Florida Support Reform and the LGBTQ+ Community

Does Florida End of Long-Term Alimony Matter for Same-Sex Couples? It depends. Florida residents may finally say goodbye to permanent alimony, while some same-sex couples in a dissolution approach near potential eligibility for such compensation. The Florida House of Representatives gave final approval for alimony reform earlier this month after the Florida Senate took a similar measure. With the expressed support of both Democrats and Republicans, the cooperation of the Florida Bar’s family law department, and support from practitioners across the state, it appears that a new legal system will go into effect on July 1 with significant implications for future financial obligations between divorcing spouses. It really could be the end of permanent upkeep.
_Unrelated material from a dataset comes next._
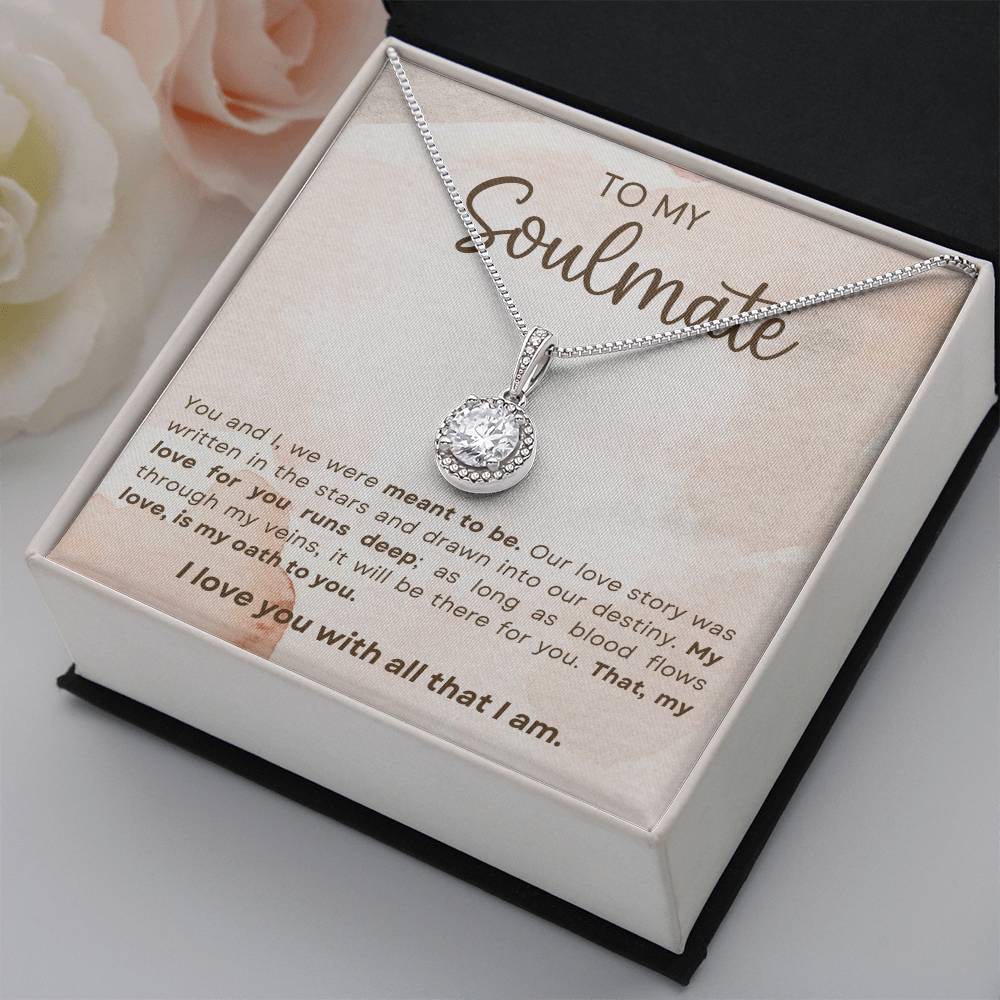 TO MY SOULMATE, ETERNAL HOPE NECKLACE, UNIQUE GIFT WITH MESSAGE CARD, ANNIVERSARY AND BIRTHDAY GIFT HER, NECKLACE JEWELERY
For many Florida same-sex couples, the change may not have a significant impact, as it is unlikely that the average same-sex couple seeking a divorce would have been granted permanent alimony anyway if they had married in Florida. The 2015 Supreme Court decision in Obergefell v. Hodges led to the legalization of same-sex marriage statewide, leading to numerous same-sex marriages throughout Florida. Anyone who marries this year or later would have a marriage of 7 to 8 years, which is nowhere near long enough to be eligible for permanent Florida alimony unless there are exceptional circumstances or clear and compelling evidence to support it that such an award is justified. These are very strict standards that must be met.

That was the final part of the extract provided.